The Woman Who Texted Her Boyfriend To Kill Himself Is Trying To Get Her Conviction Thrown Out

A new team of lawyers for Michelle Carter is requesting the state's highest court to overthrow her involuntary manslaughter conviction.

Michelle Carter, the woman who was convicted of involuntary manslaughter for urging her boyfriend to kill himself, is asking for her conviction to be overthrown.

Her new team of lawyers — which includes William Fick, a defense attorney for the Boston Marathon bomber Dzhokhar Tsarnaev — filed an appeal last month requesting the highest court in Massachusetts to review and overthrow her conviction, the Boston Herald first reported.

Last June, a Massachusetts judge found Carter, 20, guilty of involuntary manslaughter in the death of her 18-year-old boyfriend Conrad Roy, who killed himself in 2014 by inhaling carbon monoxide produced by a water pump in his truck.

Roy — who had a history of mental illness and had previously attempted suicide — got out of the truck because he was "scared," but Carter told him to "get back in" during a phone call moments before his death, according to evidence presented by Bristol County prosecutors.

"Carter is the first defendant to have been convicted of killing a person who took his own life, even though she neither provided the fatal means nor was present when the suicide occurred," Carter's lawyers wrote in their Feb. 5 appeal to the Supreme Judicial Court, as reported by masslive.com. "Nothing in Massachusetts law made clear to 17-year-old Carter, or anyone else, that such circumstances could constitute involuntary manslaughter," the appeal said.

During her trial last year, prosecutors had argued that through text messages and phone calls, Carter had pressured Roy to kill himself, instructed him as to when and how to do it, assuaged his concerns over killing himself, and chastised him when he delayed doing so. They said that Carter, then 17, used Roy as a "pawn in her sick game of life and death" and wanted to be "the grieving girlfriend" to gain her peers' attention and sympathy, which she always craved.

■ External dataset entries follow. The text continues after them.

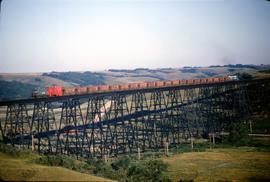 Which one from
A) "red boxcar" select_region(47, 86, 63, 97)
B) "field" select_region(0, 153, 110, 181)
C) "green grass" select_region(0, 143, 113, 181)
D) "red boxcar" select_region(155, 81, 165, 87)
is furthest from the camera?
"red boxcar" select_region(155, 81, 165, 87)

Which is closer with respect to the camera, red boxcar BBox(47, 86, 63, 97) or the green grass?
the green grass

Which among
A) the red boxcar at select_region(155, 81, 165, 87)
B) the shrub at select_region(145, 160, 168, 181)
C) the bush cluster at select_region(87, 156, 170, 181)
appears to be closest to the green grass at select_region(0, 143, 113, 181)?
A: the bush cluster at select_region(87, 156, 170, 181)

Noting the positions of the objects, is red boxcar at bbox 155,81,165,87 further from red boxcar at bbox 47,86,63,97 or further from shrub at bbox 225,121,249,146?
red boxcar at bbox 47,86,63,97

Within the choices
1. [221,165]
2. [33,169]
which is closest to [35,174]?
[33,169]

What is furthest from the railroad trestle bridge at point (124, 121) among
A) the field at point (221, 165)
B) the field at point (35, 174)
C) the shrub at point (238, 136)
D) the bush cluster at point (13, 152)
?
the field at point (35, 174)

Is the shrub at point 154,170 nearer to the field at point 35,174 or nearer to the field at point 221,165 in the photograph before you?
the field at point 221,165

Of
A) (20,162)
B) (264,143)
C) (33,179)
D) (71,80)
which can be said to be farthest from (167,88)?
(71,80)

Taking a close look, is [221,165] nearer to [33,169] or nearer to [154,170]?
[154,170]

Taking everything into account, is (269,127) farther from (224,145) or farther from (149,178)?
(149,178) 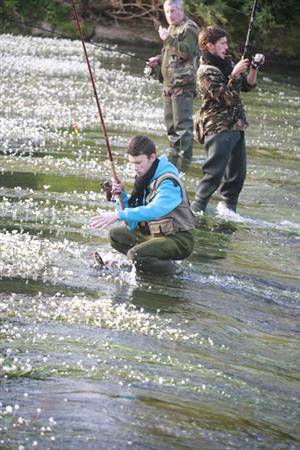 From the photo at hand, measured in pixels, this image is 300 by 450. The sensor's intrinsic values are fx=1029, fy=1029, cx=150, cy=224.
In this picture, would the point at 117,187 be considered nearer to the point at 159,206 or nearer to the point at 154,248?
the point at 159,206

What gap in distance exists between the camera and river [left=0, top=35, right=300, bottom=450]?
5.94 meters

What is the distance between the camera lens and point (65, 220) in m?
10.9

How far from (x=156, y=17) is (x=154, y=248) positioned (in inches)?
1162

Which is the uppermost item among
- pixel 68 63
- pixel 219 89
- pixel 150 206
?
pixel 219 89

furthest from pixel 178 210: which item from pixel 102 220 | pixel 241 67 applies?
pixel 241 67

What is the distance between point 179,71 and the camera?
14.8 metres

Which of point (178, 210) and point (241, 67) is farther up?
point (241, 67)

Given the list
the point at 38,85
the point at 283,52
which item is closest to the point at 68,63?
the point at 38,85

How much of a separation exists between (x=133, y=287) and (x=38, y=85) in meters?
15.4

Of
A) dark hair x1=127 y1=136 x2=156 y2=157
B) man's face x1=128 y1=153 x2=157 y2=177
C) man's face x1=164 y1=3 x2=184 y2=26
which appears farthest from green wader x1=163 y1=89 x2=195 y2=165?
dark hair x1=127 y1=136 x2=156 y2=157

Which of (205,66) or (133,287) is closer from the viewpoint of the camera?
(133,287)

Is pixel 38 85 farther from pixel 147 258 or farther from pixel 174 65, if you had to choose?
pixel 147 258

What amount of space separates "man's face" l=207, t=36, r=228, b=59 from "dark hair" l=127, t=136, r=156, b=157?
2.60 meters

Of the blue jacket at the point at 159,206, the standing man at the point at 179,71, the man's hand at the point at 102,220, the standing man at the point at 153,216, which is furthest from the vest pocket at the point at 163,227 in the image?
the standing man at the point at 179,71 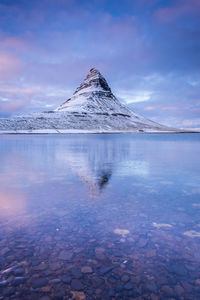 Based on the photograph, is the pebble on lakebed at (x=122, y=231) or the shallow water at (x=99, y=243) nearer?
the shallow water at (x=99, y=243)

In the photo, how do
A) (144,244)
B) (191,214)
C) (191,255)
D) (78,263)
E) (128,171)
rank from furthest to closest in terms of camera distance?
(128,171)
(191,214)
(144,244)
(191,255)
(78,263)

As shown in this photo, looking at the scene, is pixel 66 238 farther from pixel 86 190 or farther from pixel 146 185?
pixel 146 185

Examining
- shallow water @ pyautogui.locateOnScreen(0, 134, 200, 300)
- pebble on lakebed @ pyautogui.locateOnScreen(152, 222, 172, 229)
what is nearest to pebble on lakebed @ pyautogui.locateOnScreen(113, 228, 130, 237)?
shallow water @ pyautogui.locateOnScreen(0, 134, 200, 300)

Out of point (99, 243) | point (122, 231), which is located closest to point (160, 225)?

Carter's attorneys argued that Roy was suicidal over a long period of time and was "on this path to take his own life for years." They also said Carter could not have caused his death because she was 30 miles away when Roy killed himself, and that his death was a suicide, not a homicide. Psychiatrist Peter Breggin — who is known for his criticism of psychiatric drugs and has had his credibility questioned in court — testified that Carter was "involuntarily intoxicated" by antidepressants, which made her "delusional" and "grandiose."

However, Judge Lawrence Moniz ruled that Carter's actions constituted "wanton and reckless conduct" when she instructed Roy to get back in his truck despite knowing that it was a toxic environment "inconsistent with human life." He said that her conduct caused Roy's death.

Moniz sentenced to her to two and a half years in prison, of which Carter will serve only 15 months after her state appeals are exhausted.

"We were interested in representing her because we were troubled by the result," Nancy Gertner, a former federal judge who is part of Carter's new defense team, told the Boston Herald. "This case raises substantial issues that the Supreme Judicial Court should address."

Carter's attorneys feel that the case should be heard directly by the Supreme Judicial Court, because they believe her conviction violated the state and the country's constitutional laws. They were also concerned that it would "set precedent for who may be prosecuted for encouraging suicide with words alone" and felt that the case's implications about assisted suicide warranted an immediate review by the state's highest court, according to the appeal.

“It also brings up novel issues of law in Massachusetts: What constitutes manslaughter?" Daniel Marx, another high-profile attorney who is representing Carter, told the Boston Herald.

Carter's lawyers did not immediately respond to BuzzFeed News' request for comment.